Bak sebuah gebrakan di tengah terpuruknya sebuah pasukan dalam sebuah pertempuran, hal ini mampu membuat dunia kembali menoleh pada industri perfilman Indonesia. Sejenak kita teringat pada tahun 1980-an dimana film-film berkualitas baik bermunculan di bioskop-bioskop—seperti Catatan Si Boy dan yang lain—yang mampu bersaing dengan film industri luar saat itu.
Atau ketika tahun 1990-an saat perfilman Indonesia sedang jeblok, yang bagai sebuah tamparan keras muncul sebuah film yang kembali membangkitkan semangat para pencinta film ketika dirilisnya film bertajuk cinta berjudul AADC dan Petualangan Sherina. Hampir sama pada tahun tersebut, kisah perjuangan film kita saat ini juga sedang tidak dalam kondisi sehat. Film yang lebih “menjual” keseksian pada bintangnya sejak beberapa tahun belakangan hingga sekarang masih menghiasi iklan penayangan bioskop di koran-koran.
Tontonan dan Tuntunan
Sebuah tontonan pada dasarnya juga adalah sebuah tuntunan, visualisasi akan lebih memudahkan otak mencerna segala sesuatu. Otak dapat dengan mudah menangkap apa yang digambarkan lewat visualisasi. Itulah sebabnya kenapa sarana televisi disebut sebagian orang sebagai sarana perang pemikiran. Di mana dengan tayangan televisi diharapkan pola pikir dan tingkah laku seseorang dapat dikendalikan. Contoh paling gampang adalah life style dan fashion para artis yang selalu ditiru oleh masyarakat.
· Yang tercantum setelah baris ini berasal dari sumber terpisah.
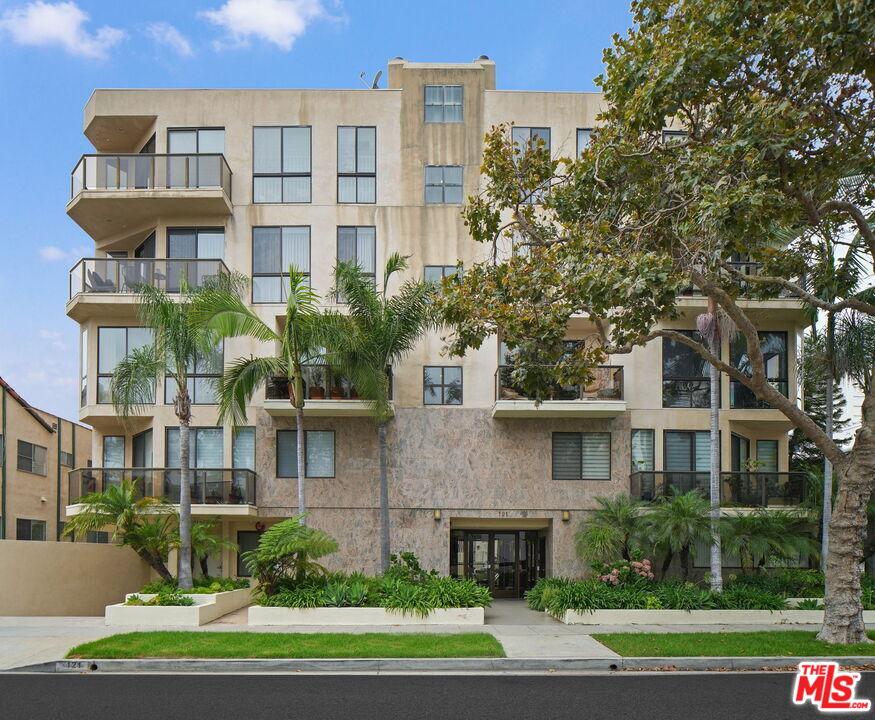 121 S Canon Dr Unit: PH 401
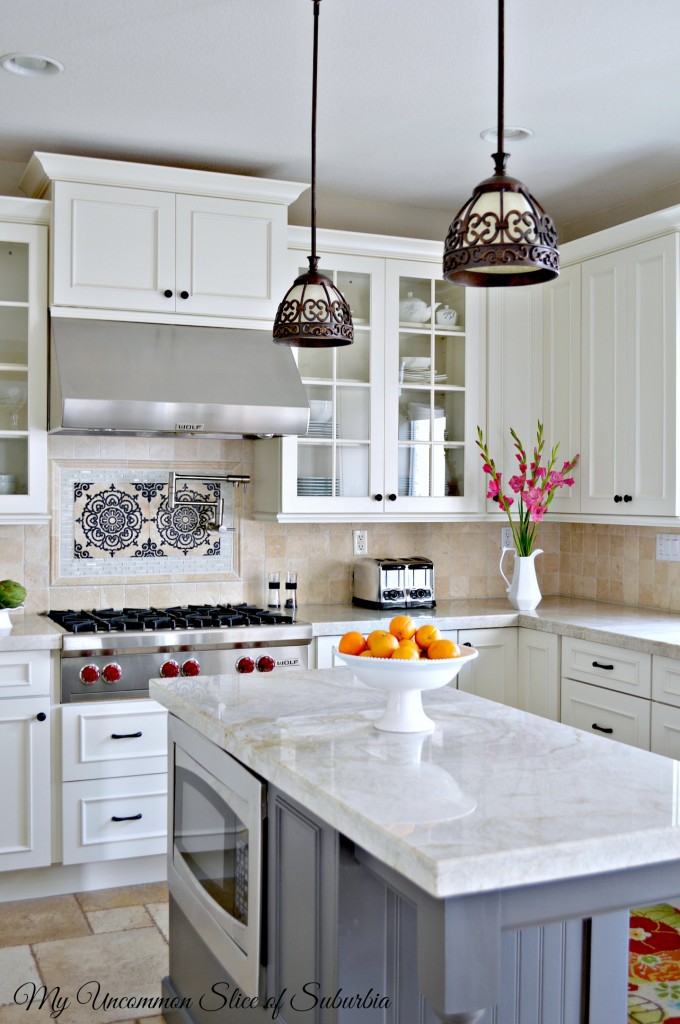 Kitchen island and backsplash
Untuk itu film haruslah benar-benar dibuat dengan mempertimbangkan hal demikian. Mengingat bangsa Indonesia adalah bangsa timur yang masih menjaga nilai-nilai luhur. Jika kita melihat dari segi perkembangan kesenian pada awal periode modern, muncul sebuah teori yang menyatakan Art for Art’s Sake. Seni hanyalah demi seni, yang dipelopori oleh I. A Richards dan para tokoh seperti William Butler Yeats.
Mereka adalah para seniman sastra yang menyatakan bahwa karya seni tidaklah harus mementingkan apa yang dimaksud dengan nilai moral. Yang terpenting adalah sebuah seni itu dapat dinikmati dan diresapi. Agaknya hal ini lah yang tengah di pegang teguh sebagai pedoman oleh para produser film Indonesia sejak beberapa tahun silam. Yang terpenting adalah banyak penonton yang suka, meskipun harus menuai kecaman.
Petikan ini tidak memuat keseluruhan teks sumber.